前に、国の借金は今や1千兆円を超える巨額になり、それを私たち祖父母世代は子や孫の世代に引き継ごうとしていると書きました。つまり、祖父母世代は個人としてはお年玉や入学祝いを孫たちに渡して当座の世代間関係を取り繕っていますが、集団としては莫大な債務を子や孫たちに遺そうとしています。数字と経済の面から見るとかなりずるいことをしており、トランプ大統領アメリカ・ファーストに負けないほどの祖父母世代ファーストです。道義的に恥ずかしいことだと思います。

しかし、政治的には、「高度成長期のいざなぎ景気(57カ月)を超える好景気が続いている。雇用も正社員が78万人増えている」といったアベノミクスの宣伝が勝っているのでしょう。もりかけ問題がありましたが、去年9月の自民党総裁選で安倍首相は平穏に三選されていますし、内閣支持率は4割前後でほぼ安定的に推移しています。

それでも、いざなぎ景気を超える好景気が国民の生活を本当に豊かなものにしているなら文句ないのですが、借金が1千兆円を超えて膨張を続けているだけでなく、基礎的財政収支プライマリーバランス)の黒字化目標時期は2020年度から25年度にずらされ改善のめどすら立っていません。また、2015年厚生労働省国民生活基礎調査」によると、日本の貧困率相対的貧困率1は15.6%であり、かつてごく一般的だった一億総中流は消滅しつつあり、日本社会においても富の集中と貧富の格差2は拡大しています。

1 所得が国民の等価可処分所得(以下、可処分所得)の半分に満たない人の割合。厚生労働省の2015年「国民生活基礎調査」によると、世帯の可処分所得の中央値は年間245万円で、その半分つまり年間122万円未満の可処分所得しかない世帯が相対的貧困層、その割合が貧困率となる。
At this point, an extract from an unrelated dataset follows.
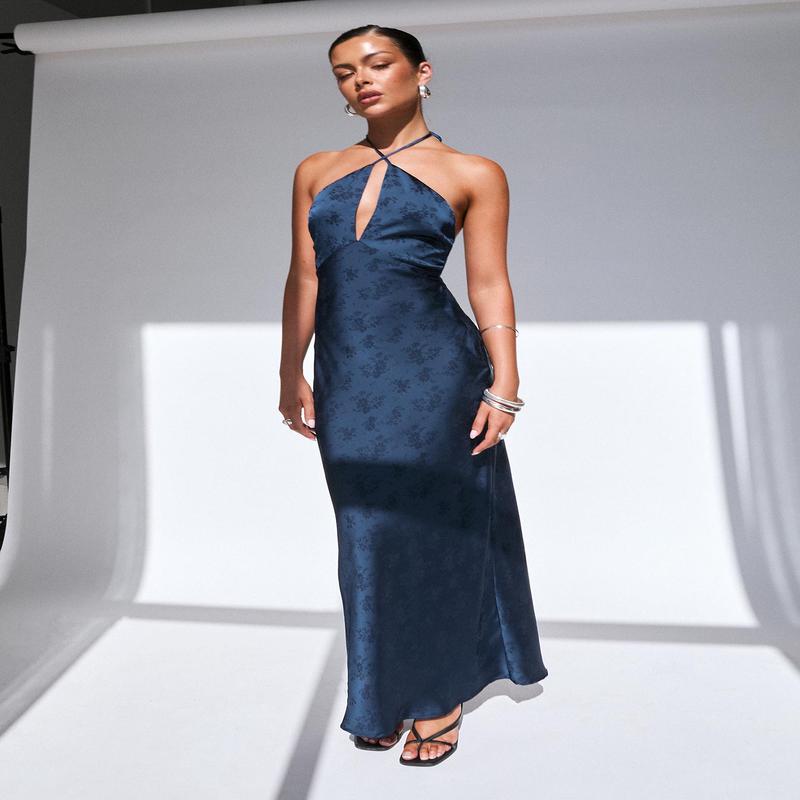 Limosina Halter Maxi Dress Navy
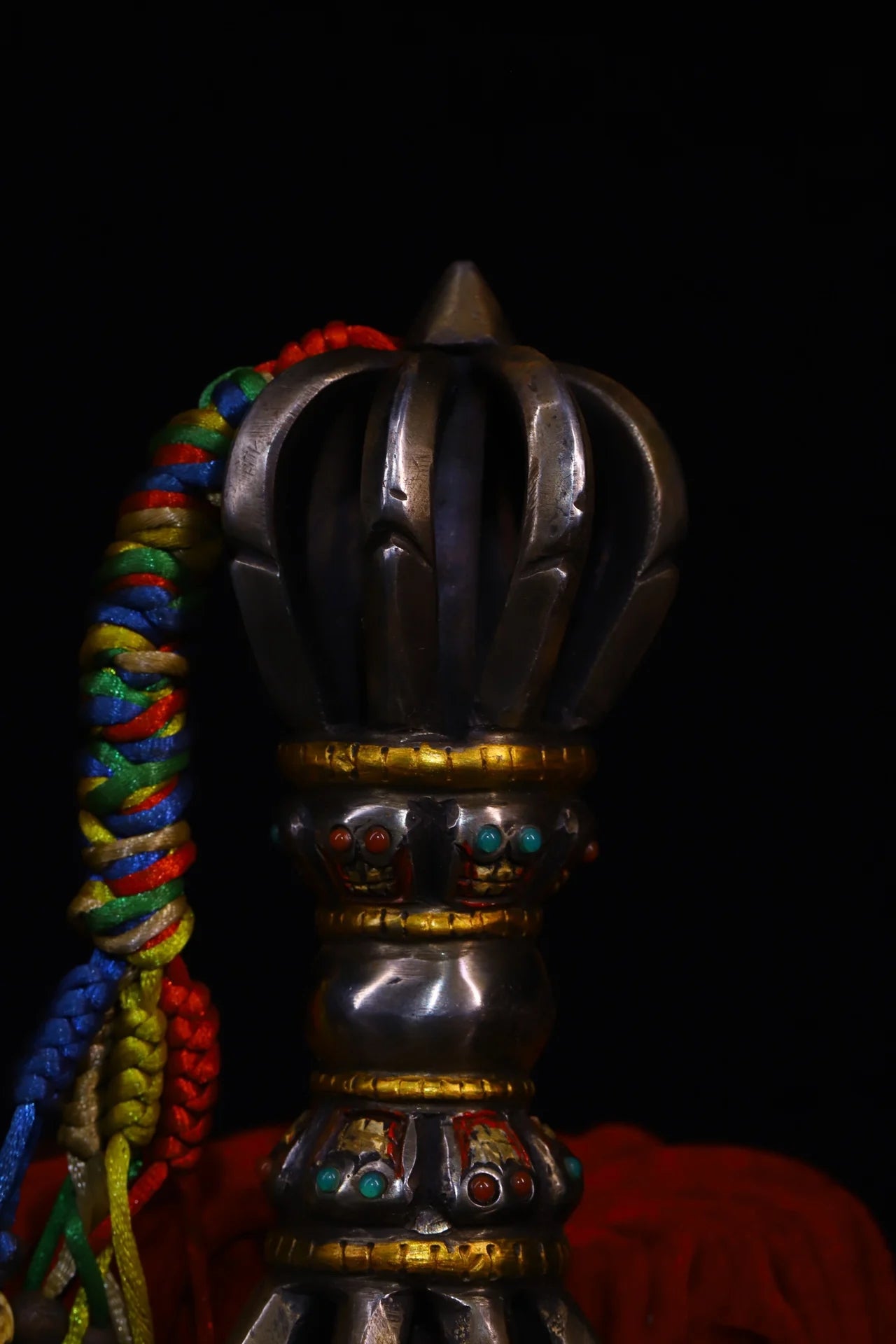 8"Tibetan Temple Collection Old Tiantie Cinnabar Tracing Mosaic Gem Nine Shares Vajra Skull Amulet Dharma Pendant Town House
さらに、ひとり親世帯の貧困率はすでに50%を超え、人口の3分の1を占める高齢者の半数が近い将来、貧困に陥ると見込まれている。

2 「世界のトップ8人の大富豪は世界の人口のうち経済的に恵まれない下から半分にあたる約36億人が保有する資産とほぼ同じ」(国際NGO、Oxfamレポート「99%のための経済」2017.1.16)

 

加えて、インバウンドの訪日外国人旅行客が著しく増加しているのは円安が大きく影響し、輸出大企業は大儲けして内部留保を増やしていますが、円で給料や年金をもらっている日本国民の実質賃金や世帯収入は国際的に見ると安く切り下げられていることを意味しているはずです。にもかかわらず、政府から“おもてなし”の質を高めてインバウンドの訪日外国人旅行客を増やせば、さらに景気は良くなり経済成長が続きますよと諭され、心がけと行儀作法の躾けまで説教されて、唯々諾々とそれに従ってばかりいるに至っては、情けない気すらしてきます。

先人の知恵と努力があってクール・ジャパンなるものがたくさん残っていることや、新しく生まれているクール・ジャパンがあることを否定しませんが、クール・ジャパン依存症的な姿勢ばかりを見せつけられると醜悪さすら感じます。

結論として言いたいことは、権力者がコントロールする政府に品格を求めることは木に縁りて魚を求めるようなものと思いますが、個人としては、自分ファーストでない程度の道義性と政府権力者の欺瞞を見破る知性を備えるという意味での「品格」を磨かなければならないということです。

願わくば、地球温暖化への対応も含め、持続する社会の創造に向け、小さくてもいいからその歯車の一つになるような生き方を実践したいと思います。そのような意味で、人生の第4コーナーを曲がった今、遅すぎるかもしれませんが、私は私の「個人の品格」、より正確に言うと、「70歳の品格」を高める生き方をしたいと思うのです。